Task to carry out: Copy nothing before the line that contains "1998-international-4700-image-9"; from there, transcribe each line exactly through the end of the material, omitting pictures.

-------- Information supplied

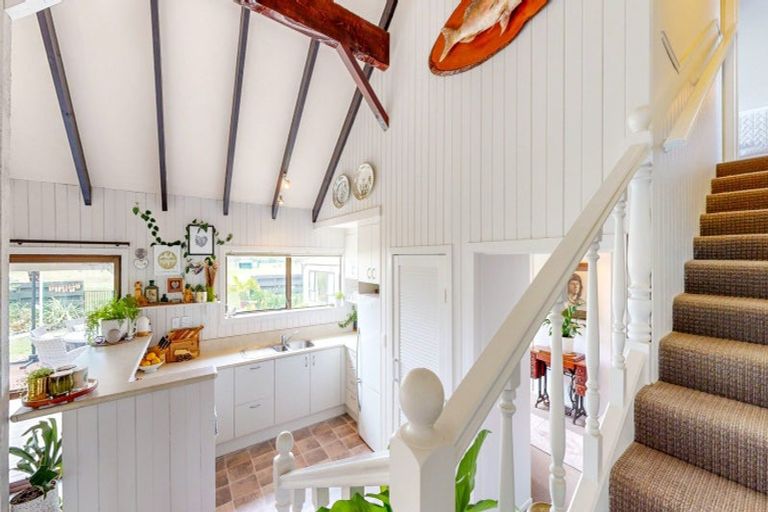 Photo of property in 128 Kiwi Road, Whangamata, 3620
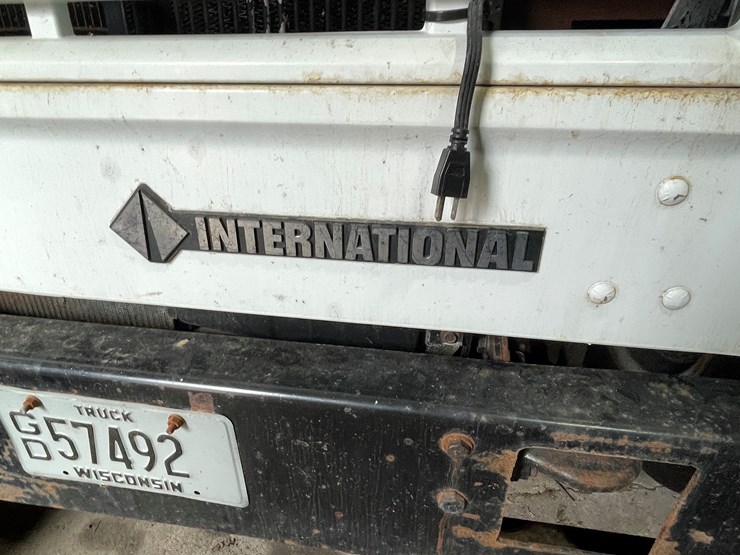 1998-international-4700-image-9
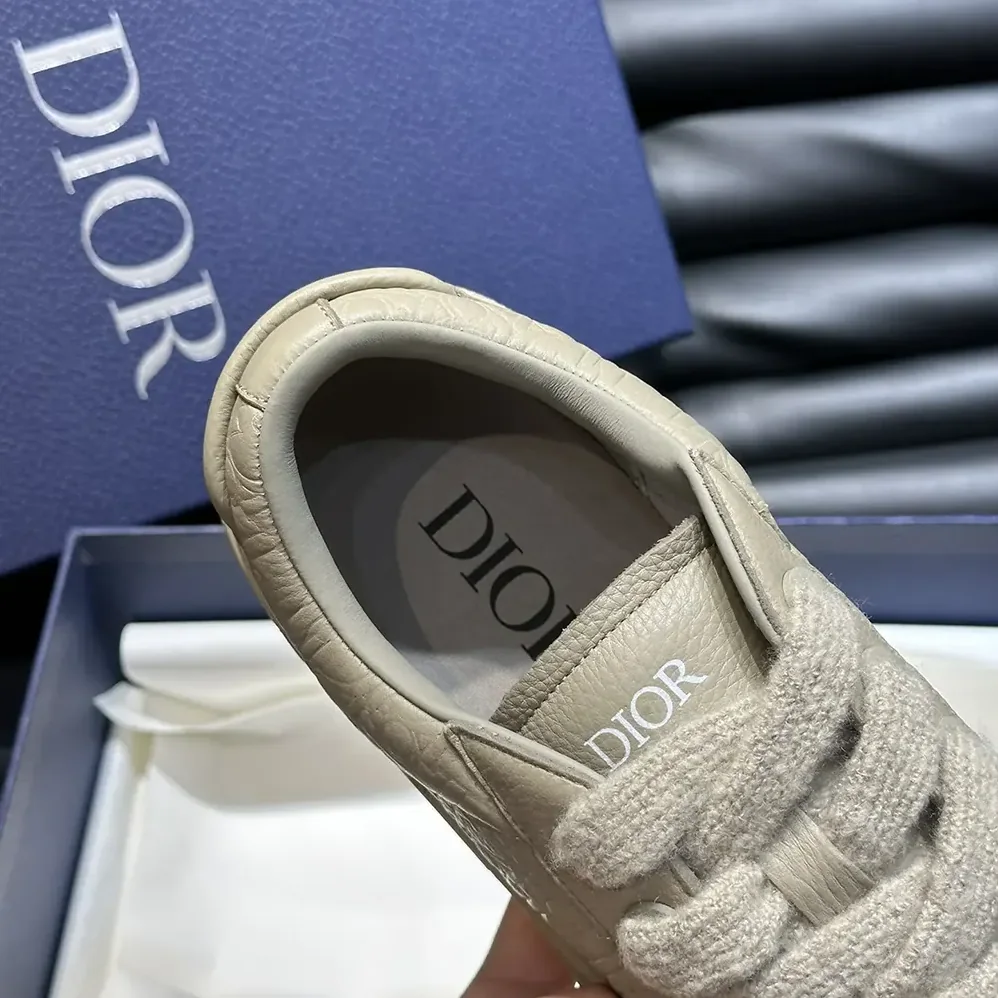 Dior B33 Sneaker Beige Grained Calfskin and Beige Dior Gravity Leather for Men Dior B33 Sneaker Beige Grained Calfskin and Beige Dior Gravity Leather for Men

----------------

Exercise solution:
 1998-international-4700-image-9
 Dior B33 Sneaker Beige Grained Calfskin and Beige Dior Gravity Leather for Men Dior B33 Sneaker Beige Grained Calfskin and Beige Dior Gravity Leather for Men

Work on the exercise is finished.